Ce programme blues Everywhere I Go nous fait voyager à travers ces plantations de coton du delta du Mississippi et nous fait découvrir la diversité des thèmes portés par le blues : d’une expression poignante de la détresse humaine avec des chansons comme Trouble in Mind, Dinks Blues ou le Crossroads de Robert Johnson, jusqu’à l’aspect politique du blues - et son lien important avec la lutte pour les droits civiques aux États-Unis menée par Martin Luther King - avec Strange Fruit de Billie Holiday, Down in Mississippi et I Wish I Knew How It Would Feel to Be Free de Nina Simone.

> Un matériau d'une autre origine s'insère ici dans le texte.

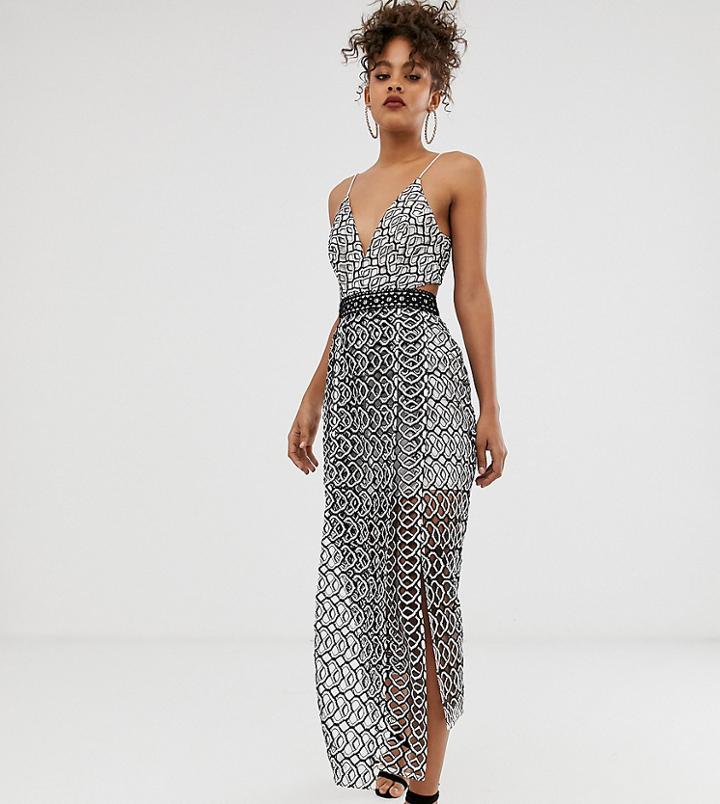 Asos Design Tall Midi Dress In Mono Geo With Layered Skirt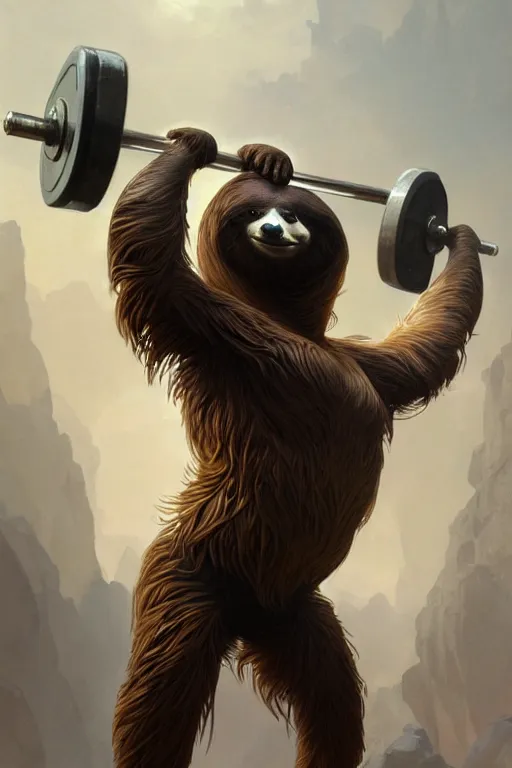 Image similar to anthro sloth lifting weights, dim dingy gym, dynamic pose, fantasy, intricate, elegant, highly detailed, digital painting, artstation, concept art, matte, sharp focus, illustration, art by artgerm and greg rutkowski and alphonse mucha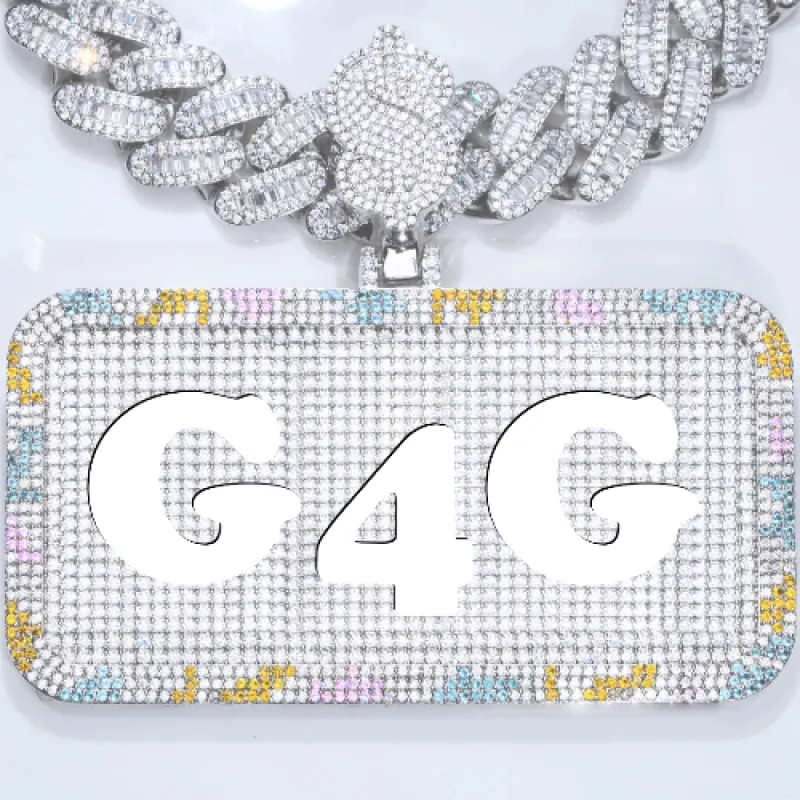 CUSTOM LETTER NECKLACE 3D COLORFUL SQUARE sold by The GUU Shop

Le blues est né dans les plantations au cœur du delta du Mississippi. Il raconte la vie des anciens esclaves : l’oppression, la violence, l’injustice des lois ségrégationnistes de Jim Crow. Le blues est beaucoup plus qu’une forme de musique : dans les années 1950-1060, avec ses chansons engagées, ses protest songs, il fut un outil décisif de la lutte pour les droits civiques aux États-Unis menée par Martin Luther King.

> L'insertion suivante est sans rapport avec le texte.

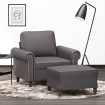 Sillón con taburete cuero sintético gris 60 cm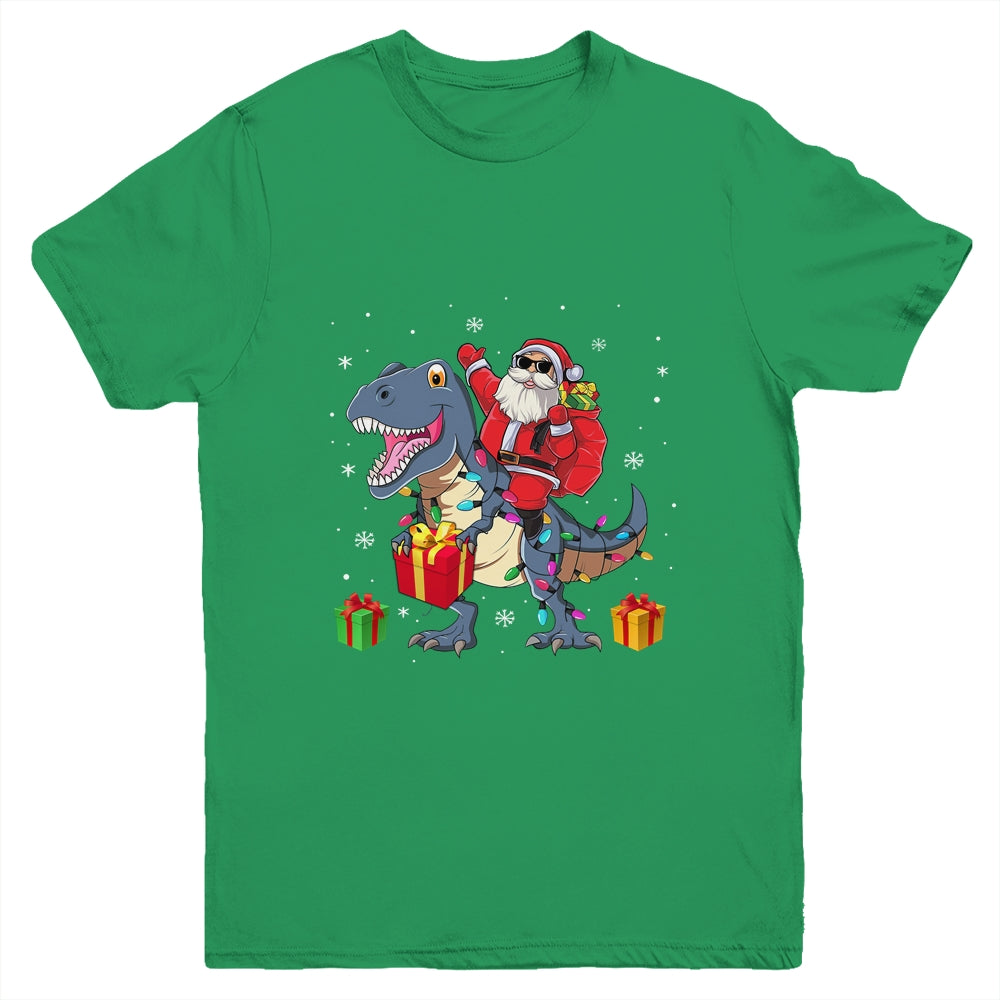 Santa Riding Dinosaur T Rex Deer Christmas For Boys Youth Shirt | siriusteestore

Le blues, qui a ses racines en Afrique, est ma musique. Et comme chaque être humain a ses racines en Afrique, comme le monde entier est finalement africain, le blues est notre patrimoine à tous.

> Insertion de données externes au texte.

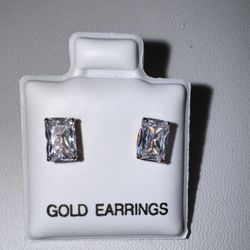 NEW 10K Rose Gold  Lab White Topaz Emerald Cut Stud Earrings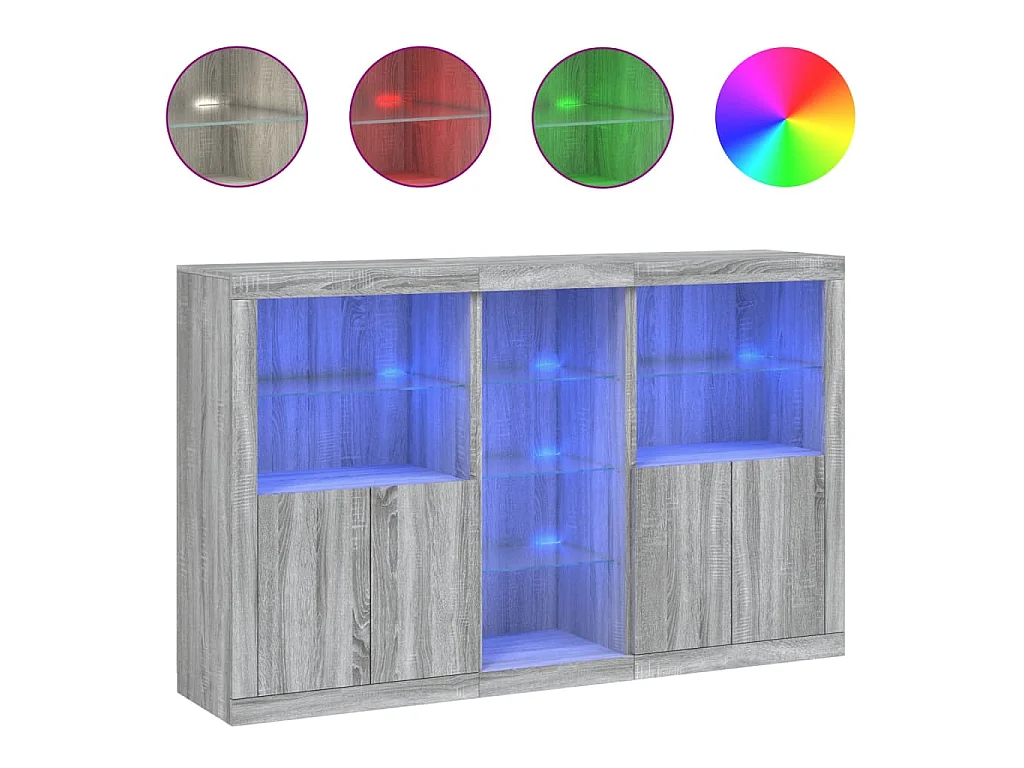 Buffet avec lumières LED sonoma gris 162x37x100 cm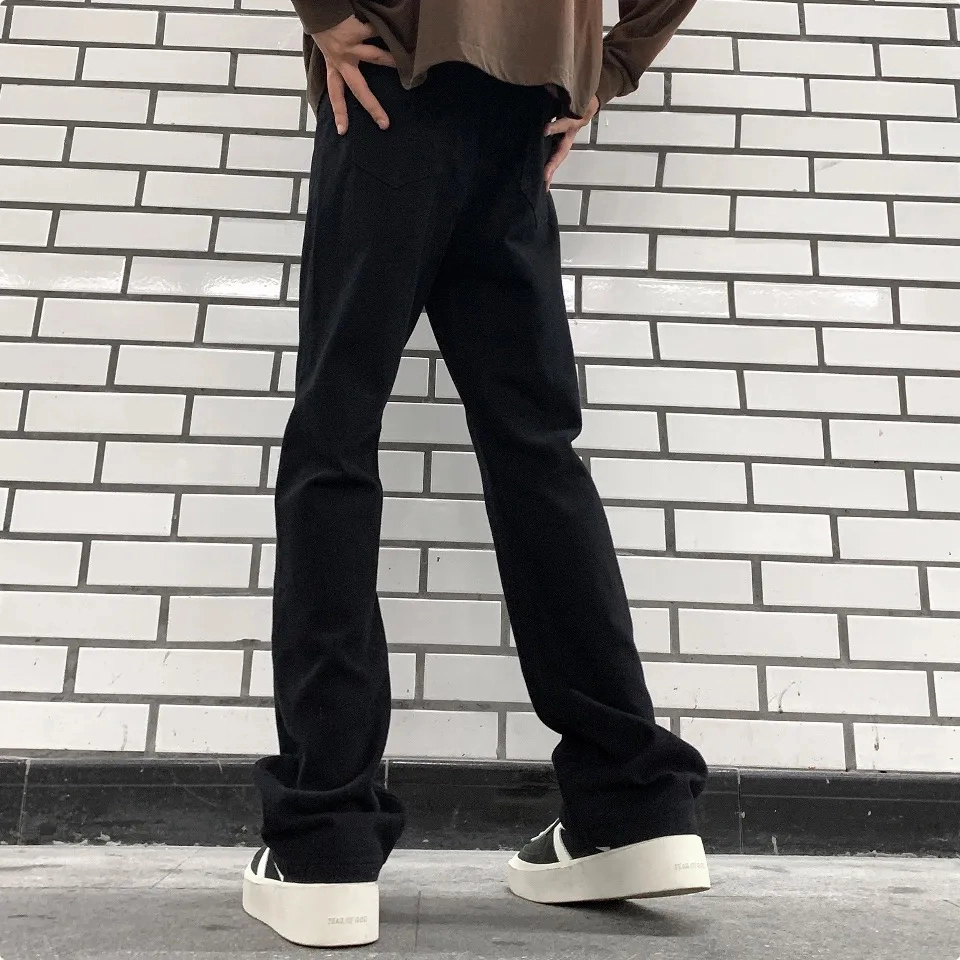 拓菲 美式复古微喇弹力百搭长裤牛仔裤 男女同款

Tout le monde chante le blues, dans tous les pays et dans toutes les langues. Dans le blues, toutes les émotions humaines s’expriment dans leur universalité : la souffrance, la joie, la peur, l’espoir. Les mélodies, les harmonies et les rythmes du blues vibrent en nous.

J’entends le blues chez tous les grands compositeurs, de Mozart à Debussy, de Mahler à Ellington, de Gershwin à Puccini. Et je chante le blues. J’entends le blues dans le vent. Je vois le blues dans la force de la nature. Le blues chante la liberté et exprime le désir de solidarité. Le blues est omniprésent. Le blues existe-t-il pour les hommes, ou existons-nous pour le blues ?

Jouons et chantons le blues. La réponse sera claire. Le blues, c’est la vie comme elle est, vraiment.